NaviSTAR: Socially Aware Robot Navigation with Hybrid Spatio-Temporal Graph Transformer and Preference Learning  


Weizheng Wang, Ruiqi Wang, Le Mao, and Byung-Cheol Min

 SMART Lab, Purdue University

To appear IROS 2023 

[Code] [Video] [Paper]


Abstract

Developing robotic technologies for use in human society requires ensuring the safety of robots’ navigation behaviors while adhering to pedestrians’ expectations and social norms. However, maintaining real-time communication between robots and pedestrians to avoid collisions can be challenging. To address these challenges, we propose a novel socially-aware navigation benchmark called NaviSTAR, which utilizes a hybrid Spatio-Temporal grAph tRansformer (STAR) to understand interactions in human-rich environments fusing potential crowd multi-modal information. We leverage off-policy reinforcement learning algorithm with preference learning to train a policy and a reward function network with supervisor guidance. Additionally, we design a social score function to evaluate the overall performance of social navigation. To compare, we train and test our algorithm and other state-of-the-art methods in both simulator and real-world scenarios independently. Our results show that NaviSTAR outperforms previous methods with outstanding performance.

Architecture of NaviSTAR

The NaviSTAR is composed of two parts: 1) Spatial Temporal Graph Transforemer Block, and 2) Multi-Modal Transformer Block. And NaviSTAR utilizes a spatial-temporal graph transformer block and a multi-modal transformer block to abstract environmental dynamics and human-robot interactions into an ST-graph for safe path planning in crowd-flled environments. The spatial transformer is designed to capture hybrid spatial interactions and generate spatial attention maps, while the temporal transformer presents long-term temporal dependencies and creates temporal attention maps. The multi-modal transformer is deployed to adapt to the uncertainty of multi-modality crowd movements, aggregating all heterogeneous spatial and temporal features. Finally, the planner generates the next timestep action by a decoder.

Framework of Transformer

NaviSTAR neural network framework: (a) Spatial Transformer leverages a multi-head attention layer and a graph convolution network along the time-dimension to represent spatial attention features and spatial relational features; (b) Temporal Transformer utilizes multi-head attention layers to capture each individual agent’s long-term temporal attention dependencies; and (c) Multi-Modal Transformer fuses heterogeneous spatial and temporal features via a multi-head cross-modal transformer block [1] and a self-transformer block [2] to abstract the uncertainty of multimodality crowd movements. 

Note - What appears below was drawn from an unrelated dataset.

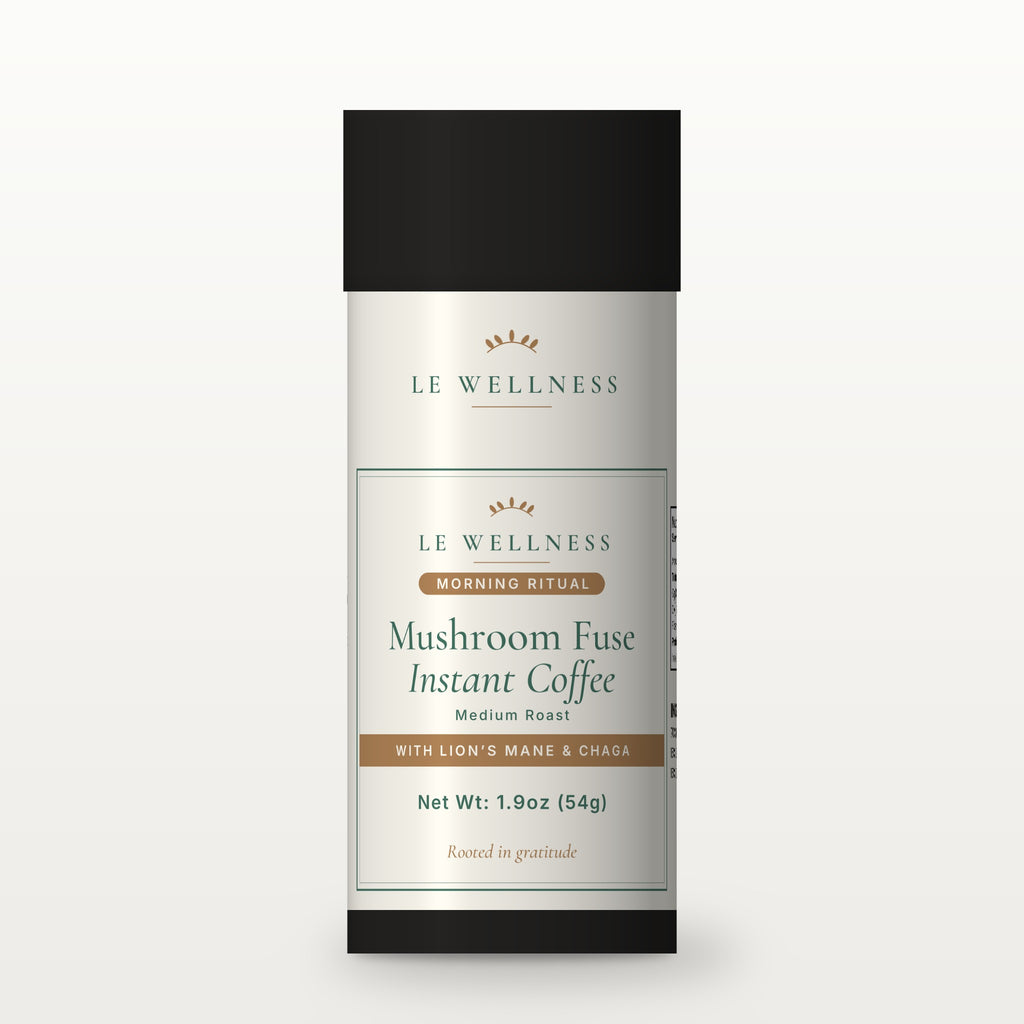 Le Wellness Mushroom Fuse Instant Coffee (Medium Roast) tube, front label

Attention Map and Attention Matrix Visualization

Attention Maps

An illustration of spatial attention maps and temporal attention maps: sub-fgures (a), (b), and (c) exhibit the spatial attention maps from different agents at the same timestep; (d), (e), and (f) present the temporal attention maps from different timesteps in the same agent’s view. The radius of the circle represents the importance level based on the perceptive of the agent represented by the red circle. 

Attention Matrix

An illustration of attention matrices: Visualization of a NaviSTAR attention weight group example consisting of spatial and temporal attention matrices at the result of the spatial and temporal transformer, cross attention matrices at the fnal layer of the multi-modal transformer, and a fnal attention matrix from the self-attention transformer.

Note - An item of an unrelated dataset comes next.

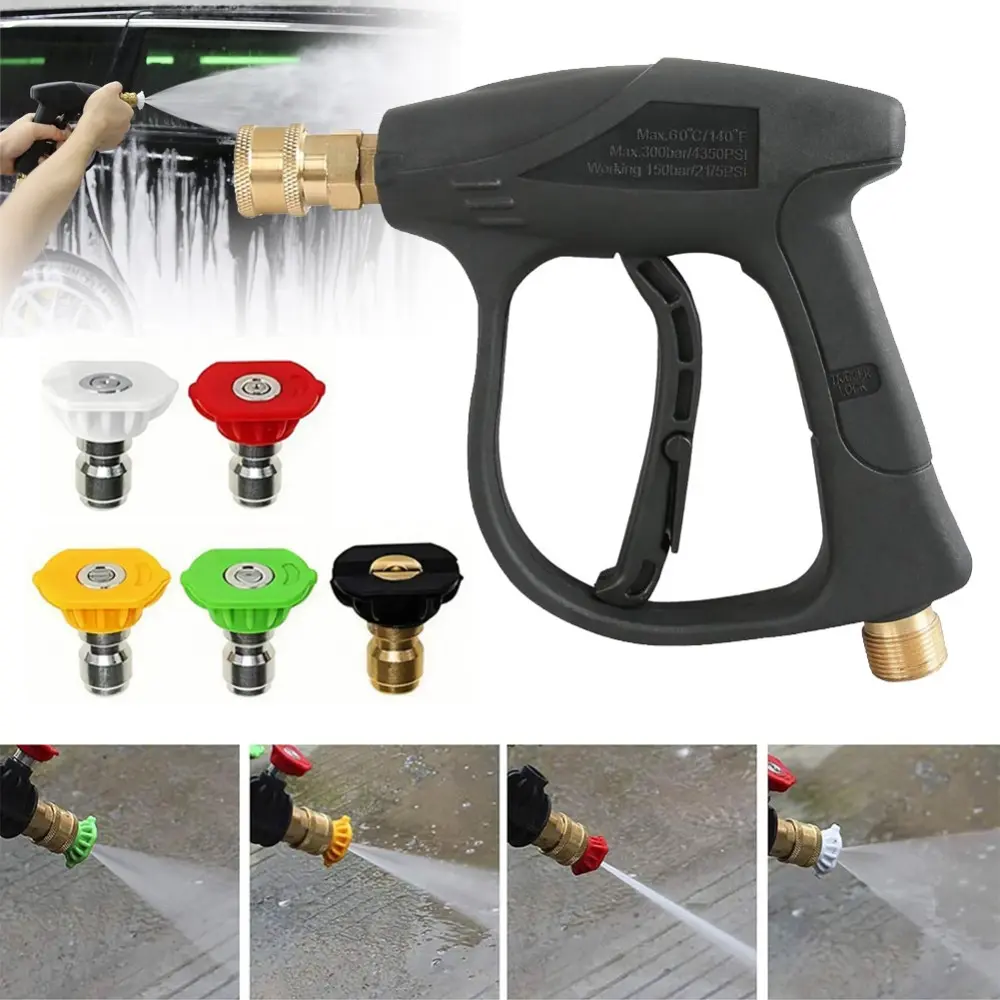 SJPACK 1/4" High Pressure Washer Gun 4000 PSI Car Wash Foam Spray Short Wand Nozzle Tip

Simulation Experiments and Real-world User Study

NaviSTAR.mp4

Note:  The robot is enforced to stop when the action from its policy contains a turning degree greater than 90 degrees.

References

[1] Wang, Ruiqi, et al. "Husformer: A Multi-Modal Transformer for Multi-Modal Human State Recognition." arXiv preprint arXiv:2209.15182 (2022). 

[2] Vaswani, Ashish, et al. "Attention is all you need." Advances in neural information processing systems 30 (2017).